INFORMATION SHOWN
>>>>

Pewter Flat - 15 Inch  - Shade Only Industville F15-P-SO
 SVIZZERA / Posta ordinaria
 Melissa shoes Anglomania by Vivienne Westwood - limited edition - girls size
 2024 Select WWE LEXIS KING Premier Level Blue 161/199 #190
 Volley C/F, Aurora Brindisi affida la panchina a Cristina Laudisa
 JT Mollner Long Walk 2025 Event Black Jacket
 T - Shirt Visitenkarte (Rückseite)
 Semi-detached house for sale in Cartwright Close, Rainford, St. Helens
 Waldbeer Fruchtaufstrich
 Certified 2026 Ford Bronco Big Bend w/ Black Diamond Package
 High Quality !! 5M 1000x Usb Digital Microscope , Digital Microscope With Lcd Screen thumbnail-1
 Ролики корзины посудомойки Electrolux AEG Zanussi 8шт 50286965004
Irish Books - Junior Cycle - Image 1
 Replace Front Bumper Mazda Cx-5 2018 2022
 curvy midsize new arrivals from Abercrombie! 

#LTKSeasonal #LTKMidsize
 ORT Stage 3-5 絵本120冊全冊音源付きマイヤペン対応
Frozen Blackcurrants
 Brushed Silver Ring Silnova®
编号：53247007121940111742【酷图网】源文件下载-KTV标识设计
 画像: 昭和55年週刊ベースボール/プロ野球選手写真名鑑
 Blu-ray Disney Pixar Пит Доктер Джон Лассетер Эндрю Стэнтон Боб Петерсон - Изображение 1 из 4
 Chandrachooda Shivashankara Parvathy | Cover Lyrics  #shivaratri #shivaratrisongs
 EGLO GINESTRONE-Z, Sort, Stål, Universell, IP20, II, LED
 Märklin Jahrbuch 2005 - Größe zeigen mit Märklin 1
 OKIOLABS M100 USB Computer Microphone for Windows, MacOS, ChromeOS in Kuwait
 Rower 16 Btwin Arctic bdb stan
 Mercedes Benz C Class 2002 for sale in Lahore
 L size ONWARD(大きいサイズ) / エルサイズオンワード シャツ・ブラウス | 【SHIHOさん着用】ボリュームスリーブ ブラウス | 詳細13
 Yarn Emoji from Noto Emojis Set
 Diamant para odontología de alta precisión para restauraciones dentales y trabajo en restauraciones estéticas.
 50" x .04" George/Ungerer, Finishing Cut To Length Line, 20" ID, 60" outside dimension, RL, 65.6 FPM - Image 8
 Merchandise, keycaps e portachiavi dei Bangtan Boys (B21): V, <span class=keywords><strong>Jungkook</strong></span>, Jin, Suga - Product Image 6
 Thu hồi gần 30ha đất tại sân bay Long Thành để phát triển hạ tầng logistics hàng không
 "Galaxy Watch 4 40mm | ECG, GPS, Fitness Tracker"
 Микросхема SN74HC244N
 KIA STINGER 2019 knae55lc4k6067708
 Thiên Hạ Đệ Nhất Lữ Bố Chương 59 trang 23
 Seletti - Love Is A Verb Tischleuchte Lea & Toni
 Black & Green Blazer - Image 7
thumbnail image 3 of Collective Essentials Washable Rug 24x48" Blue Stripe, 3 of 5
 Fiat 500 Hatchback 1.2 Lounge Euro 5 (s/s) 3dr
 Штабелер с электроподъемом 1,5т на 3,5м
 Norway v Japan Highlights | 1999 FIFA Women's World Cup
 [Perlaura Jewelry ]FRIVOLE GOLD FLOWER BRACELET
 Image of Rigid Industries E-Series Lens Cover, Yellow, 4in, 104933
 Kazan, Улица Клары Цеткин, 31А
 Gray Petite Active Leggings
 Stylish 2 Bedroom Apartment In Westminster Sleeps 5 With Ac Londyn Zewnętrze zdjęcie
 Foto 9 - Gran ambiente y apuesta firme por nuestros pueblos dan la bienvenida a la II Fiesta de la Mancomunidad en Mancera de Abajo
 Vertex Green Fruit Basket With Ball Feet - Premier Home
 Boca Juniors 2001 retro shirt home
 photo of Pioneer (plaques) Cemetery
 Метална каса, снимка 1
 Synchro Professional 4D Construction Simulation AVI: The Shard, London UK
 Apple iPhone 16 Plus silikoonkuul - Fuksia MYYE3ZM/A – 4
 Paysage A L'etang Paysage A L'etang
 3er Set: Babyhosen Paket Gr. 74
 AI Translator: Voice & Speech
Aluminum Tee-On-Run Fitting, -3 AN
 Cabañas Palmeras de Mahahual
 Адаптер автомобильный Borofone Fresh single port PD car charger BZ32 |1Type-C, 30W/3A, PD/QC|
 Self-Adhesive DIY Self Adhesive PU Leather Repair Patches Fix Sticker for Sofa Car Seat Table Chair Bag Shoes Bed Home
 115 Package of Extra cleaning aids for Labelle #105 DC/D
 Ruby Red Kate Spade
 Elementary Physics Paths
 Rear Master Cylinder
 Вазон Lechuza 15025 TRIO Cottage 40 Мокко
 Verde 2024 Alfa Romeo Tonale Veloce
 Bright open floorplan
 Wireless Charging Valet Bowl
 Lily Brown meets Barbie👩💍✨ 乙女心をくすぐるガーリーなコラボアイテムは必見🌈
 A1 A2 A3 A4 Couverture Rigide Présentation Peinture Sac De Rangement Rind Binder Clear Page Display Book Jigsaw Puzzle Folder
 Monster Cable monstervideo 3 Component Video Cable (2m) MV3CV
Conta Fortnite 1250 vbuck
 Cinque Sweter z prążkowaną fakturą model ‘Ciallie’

<<<<

Print exactly the lines above, between the one holding "curvy midsize new" and the one holding "Norway v Japan", inclusive, and nothing besides.

 curvy midsize new arrivals from Abercrombie! 

#LTKSeasonal #LTKMidsize
 ORT Stage 3-5 絵本120冊全冊音源付きマイヤペン対応
Frozen Blackcurrants
 Brushed Silver Ring Silnova®
编号：53247007121940111742【酷图网】源文件下载-KTV标识设计
 画像: 昭和55年週刊ベースボール/プロ野球選手写真名鑑
 Blu-ray Disney Pixar Пит Доктер Джон Лассетер Эндрю Стэнтон Боб Петерсон - Изображение 1 из 4
 Chandrachooda Shivashankara Parvathy | Cover Lyrics  #shivaratri #shivaratrisongs
 EGLO GINESTRONE-Z, Sort, Stål, Universell, IP20, II, LED
 Märklin Jahrbuch 2005 - Größe zeigen mit Märklin 1
 OKIOLABS M100 USB Computer Microphone for Windows, MacOS, ChromeOS in Kuwait
 Rower 16 Btwin Arctic bdb stan
 Mercedes Benz C Class 2002 for sale in Lahore
 L size ONWARD(大きいサイズ) / エルサイズオンワード シャツ・ブラウス | 【SHIHOさん着用】ボリュームスリーブ ブラウス | 詳細13
 Yarn Emoji from Noto Emojis Set
 Diamant para odontología de alta precisión para restauraciones dentales y trabajo en restauraciones estéticas.
 50" x .04" George/Ungerer, Finishing Cut To Length Line, 20" ID, 60" outside dimension, RL, 65.6 FPM - Image 8
 Merchandise, keycaps e portachiavi dei Bangtan Boys (B21): V, <span class=keywords><strong>Jungkook</strong></span>, Jin, Suga - Product Image 6
 Thu hồi gần 30ha đất tại sân bay Long Thành để phát triển hạ tầng logistics hàng không
 "Galaxy Watch 4 40mm | ECG, GPS, Fitness Tracker"
 Микросхема SN74HC244N
 KIA STINGER 2019 knae55lc4k6067708
 Thiên Hạ Đệ Nhất Lữ Bố Chương 59 trang 23
 Seletti - Love Is A Verb Tischleuchte Lea & Toni
 Black & Green Blazer - Image 7
thumbnail image 3 of Collective Essentials Washable Rug 24x48" Blue Stripe, 3 of 5
 Fiat 500 Hatchback 1.2 Lounge Euro 5 (s/s) 3dr
 Штабелер с электроподъемом 1,5т на 3,5м
 Norway v Japan Highlights | 1999 FIFA Women's World Cup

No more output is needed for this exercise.